HELENA SÁ E COSTA: AS TECLAS DA COERÊNCIA – por Danyel Guerra

Helena Sá e Costa tem um teatro com seu insigne nome no Porto natal.  Mas quem é Helena Sá e Costa?, indagará, curiosa, a esmagadora maioria dos portuenses. Que boas razões justificam que ela tivesse amadrinhado essa sala de espetáculos?, perguntarão os mais renitentes. A essas (im)pertinentes questões eu procuro responder nos acordes que se seguem, num recital a duas vozes.

Esse batismo é, sem dúvida, um dos mais notórios tributos conferidos à sua prezável memória. Entretanto, cumpre lembrar que a primeira homenagem aconteceu em julho de 1983, quando a comunidade melômana da cidade tributou a pianista. Foi um evento singelo, mas sincero e genuíno, prestado no Salão Árabe do Palácio da Bolsa, por músicos, professores, alunos,  melÔmanos e pessoas que nutrem afeição e reconhecimento ao talento, ao labor, à coerência, à dedicação da mestra e concertista. Ao se jubilar, a Profª Helena se aposentava do magistério, sem embargo de continuar fiel ao primeiro amor até que a parca tesourasse o fio da sua coerente existência.

No último andamento da entrevista que na época me concedeu, ela realçou o desejo de que “a música em Portugal seja cada vez mais, dignificada”. Desiderato que, passadas duas décadas do seu desencarne,  se assemelha cada vez mais a uma utopia quimérica.
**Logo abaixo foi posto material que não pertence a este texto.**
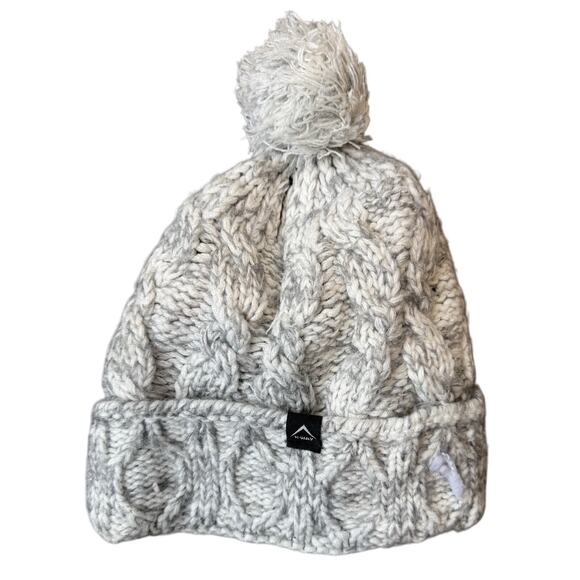 K-Way Accessories - K-Way Cable Knit Pom Beanie Women’s OS Gray Faux Fur Cuff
 Filha de músicos sabe tocar

Inspirado,  assim julgo, pela multividência de Ocar wilde, o portenho Jorge Luís Borges propõe no ensaio O Tango Brigão que “(…) a Música prescinde do Mundo. Poderia de fato haver Música e não existir Mundo”. A portuense Helena Sá e Costa (1913-2006) contribui, desde os cinco anos de idade, para essa maviosa epifania, que funda e aprofunda um enlace perpétuo com a sensibilidade humana.

Neta de Bernardo Valentim Moreira de Sá (fundador do Conservatório de Música do Porto), filha da pianista Leonilde Moreira de Sá e Costa e do pianista e compositor Luís Ferreira da Costa, irmã da violoncelista Madalena Sá e Costa, Helena é, sem favor, uma das referências mais distintas da música (dita) erudita em Portugal. Uma vocação afirmada quando concluiu, com 20 valores, o curso de Piano no Conservatório Nacional de Lisboa, onde foi aluna dileta de Mestre Vianna da Motta.

Esse estatuto nunca a levou a exibir atitudes ou a ter comportamentos típicos de uma frívola celebridade, embora nunca tivesse escondido a emoção que a homenagem lhe gerou no espírito personalizado e sensível.

“Vivo ainda o rescaldo da grande emoção que senti nessa noite. Essa homenagem foi de uma amabilidade inesquecível”, agradece.

Segundo apurei, a senhora resistiu, relutou em aceitar esse tributo. “Sim, lutei muito com os amigos e as entidades envolvidas para que ele não se realizasse. Organizaram a sessão em silêncio, em segredo, sem eu saber de nada. Só uma semana antes é que avisaram, com tudo já programado. Não os podia defraudar.”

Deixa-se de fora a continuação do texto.